There are several decisions that must be made to implement the new system:
- Development method
Buy a packaged system or develop a new one - Introduction posture
Is it managed on your own computer or server, or is it managed in the cloud? - How to switch
How to switch from existing system
You can read more about these options and how to implement them in our blog linked below.
Functions and Benefits of the Production Control System | Stratus
When introducing a new AI production management system, it is necessary to develop a function to collect data to improve efficiencies. To make good use of AI, data integrity and accuracy is essential.

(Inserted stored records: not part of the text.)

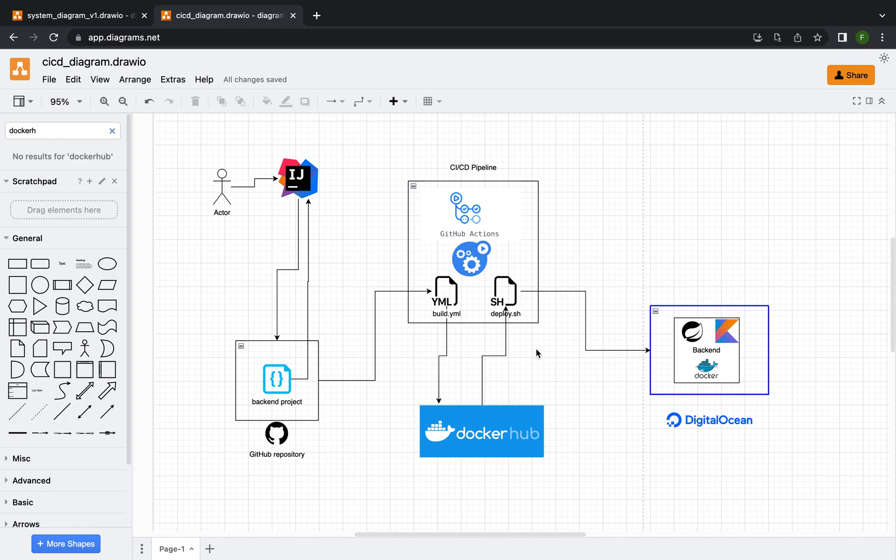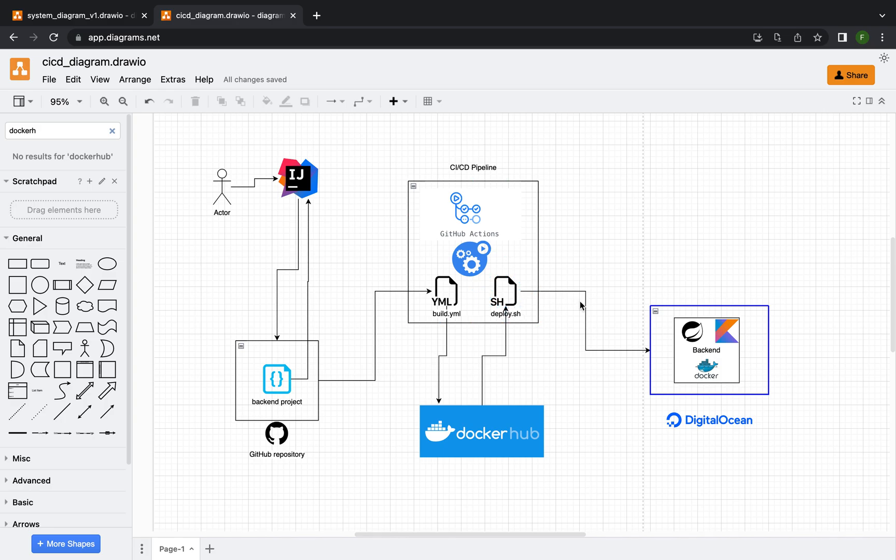After that in our CI-CD pipeline there will be a deploy shell. This will pull the image that we created from before and it will publish it, deploy the image on a droplet on DigitalOcean.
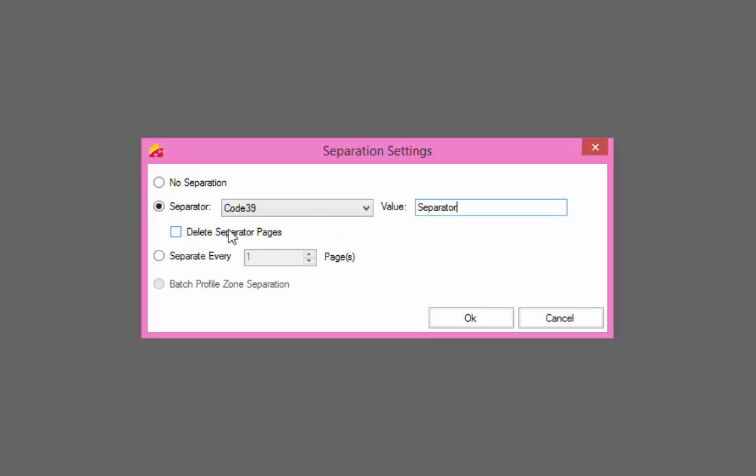By checking the delete separator page option, the barcode image will be deleted once the new document is created. If you are using the barcode sheet for indexing, leave this option unchecked.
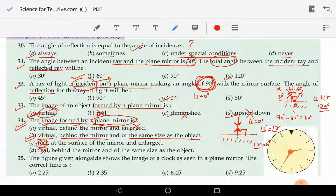So again, right from the beginning it is wrong. The correct answer for question 34 is option B: the image is virtual, behind the mirror, and of the same size as that of the object.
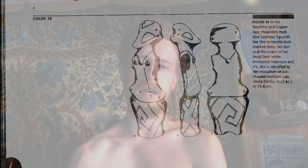Here's figure 39. In the Neolithic and Copper Age, meanders mark bird goddess figurines, like this terracotta duck — a duck-faced deity. Her skirt and the crown of her head bear white encrusted meanders and Vs. She's identified by the medallion on the V-shaped necklace. This is a goddess, and her base is made up of meanders.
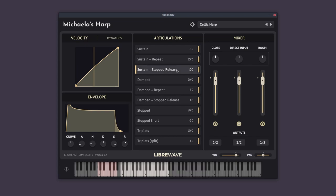Then we have the sustain with a stopped release. And you can see this is a more limited playable range. So when we release the key, the strings will be suddenly stopped.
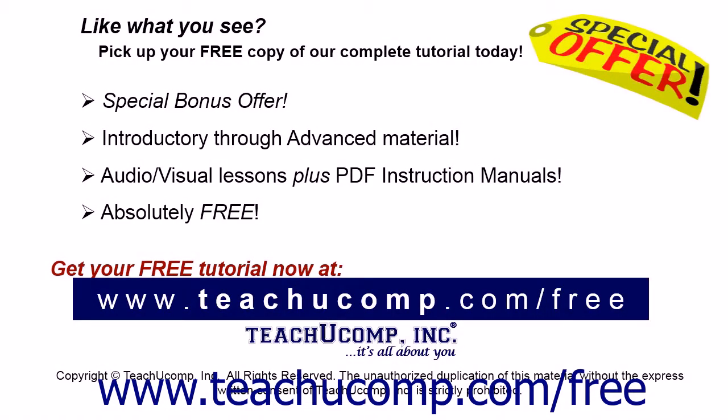Like what you see? Pick up your free copy of the complete tutorial at www.teachyoucomp.com forward slash free.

It is also important to consider the sensors required to collect highly accurate data, the types of data required, and mechanisms – such as an Edge Computing platform – that collects and analyzes data in real time.
Examples of production management using AI
There are a few cases where production management operations have started with partial AI. For example, the use of AI is progressing in the following operations:
AI for production planning
Drafting a production plan can be one of the larger work loads in production management. Although conventional production management systems can organize, link, share, and visualize information, the final production planning had to be done manually.

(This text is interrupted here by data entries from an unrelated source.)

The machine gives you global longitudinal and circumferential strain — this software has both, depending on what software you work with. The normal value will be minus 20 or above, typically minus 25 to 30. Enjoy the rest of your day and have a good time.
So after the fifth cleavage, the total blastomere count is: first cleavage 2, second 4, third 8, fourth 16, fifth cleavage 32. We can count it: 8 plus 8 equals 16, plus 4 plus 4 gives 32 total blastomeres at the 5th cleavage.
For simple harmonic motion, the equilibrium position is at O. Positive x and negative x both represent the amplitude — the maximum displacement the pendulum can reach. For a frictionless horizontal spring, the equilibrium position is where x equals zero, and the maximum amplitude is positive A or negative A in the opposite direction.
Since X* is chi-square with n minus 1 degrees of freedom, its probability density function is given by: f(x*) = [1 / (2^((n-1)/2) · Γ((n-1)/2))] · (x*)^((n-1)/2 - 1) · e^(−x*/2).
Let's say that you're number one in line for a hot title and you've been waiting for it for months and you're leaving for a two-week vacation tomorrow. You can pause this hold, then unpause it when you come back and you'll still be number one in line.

For example, a major food company has introduced an AI production management system and leverages AI to formulate production plans. A mechanism that allows AI to learn the production planning by production management experts calculates an optimized production plan for this company.
With AI learning, it is now possible to create production plans with a high degree of accuracy that surpasses human planning.

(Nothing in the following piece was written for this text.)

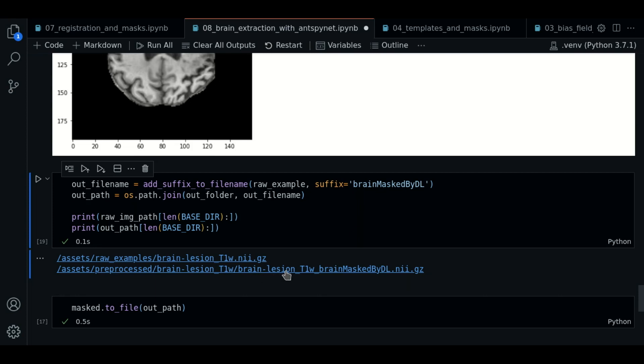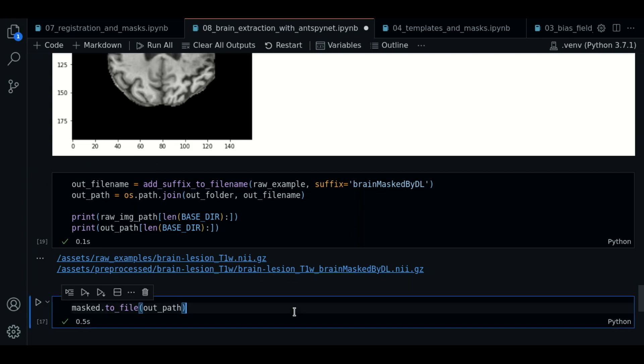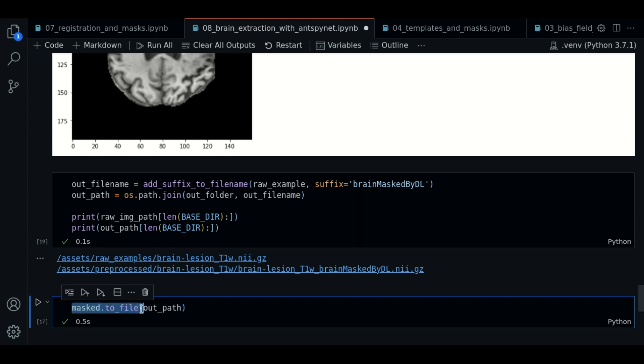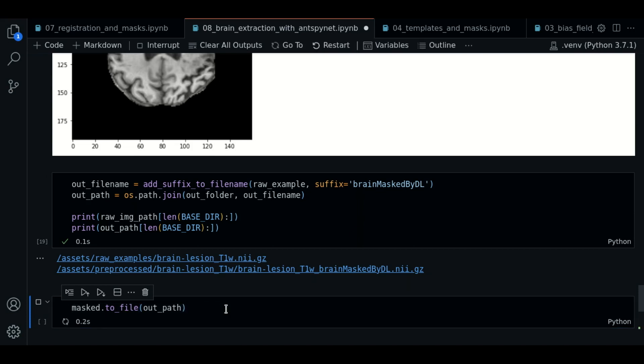So here's where the result is saved. As you can see, we call the to file method, we execute, and now the result is saved.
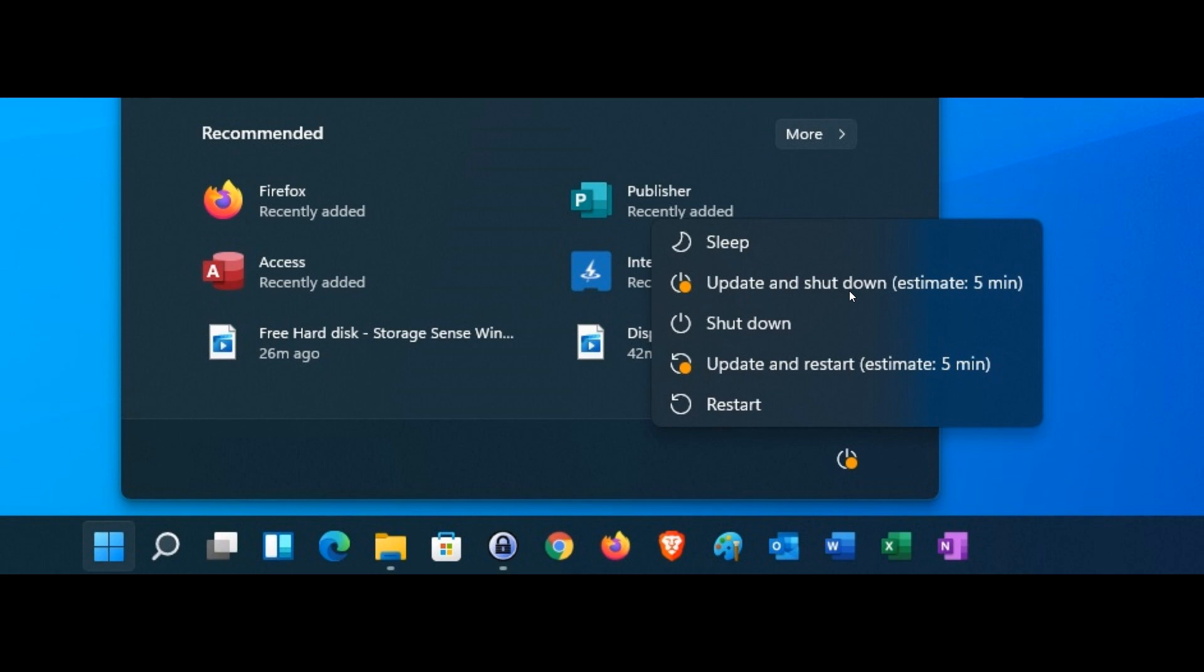So basically, there are maybe a couple of updates and it can't just shut down. It has to do a complete restart to actually apply different updates, especially if you haven't installed updates for a long period of time.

Optimize production and inventory with AI
Many production managers tend to keep a large amount of inventory to avoid risks such as product shortages and material shortages. This risk-averse mentality is also a factor that gradually increases costs.
One company introduced an AI-powered production management system succeeded in reducing surplus inventory caused by human psychology. AI finds the optimal inventory amount, making it possible to determine the optimal production quantity and production timing.
Demand forecasts and plan changes in response to changes in the environment
Beverage sales fluctuate depending on the weather, making it difficult to forecast demand. This beverage manufacturer uses AI to streamline production management.
In the past, demand forecasting, which is complicated due external factors – including weather – could not be handled by machines and was done by human judgment. However, the introduction of AI has made this possible, allowing the system to create production plans that reflect external factors, including climate.
Quality inspection by AI improves quality level
In the inspection process, there is almost always work that must be done manually. The challenge is that it is difficult for inspectors to perform inspections with exactly the same standards. For example, in visual inspections, there is room for the subjectivity and it’s impossible to completely eliminate discrepancies in judgment. In addition, defective products may flow out due to oversight.
There is a successful use case of introducing AI-based quality control into the inspection process. The image captured by the camera device is compared with the acceptance criteria data accumulated and AI is used to automatically judge. This makes it possible to make judgments with an accuracy that far exceeds that of human inspection.
The progress of AI in production management
In this blog, we introduced what kind of changes can be created by incorporating AI into production management, and how production management operations can be made more efficient.
Production management is very complex as it manages everything related to production activities. A large amount of information must be handled, and there is a limit to the ability of workers to handle high-mix low-volume production. Therefore, attention is focused on systems that combine AI with production management systems so that machines can find optimal solutions from a vast amount of information.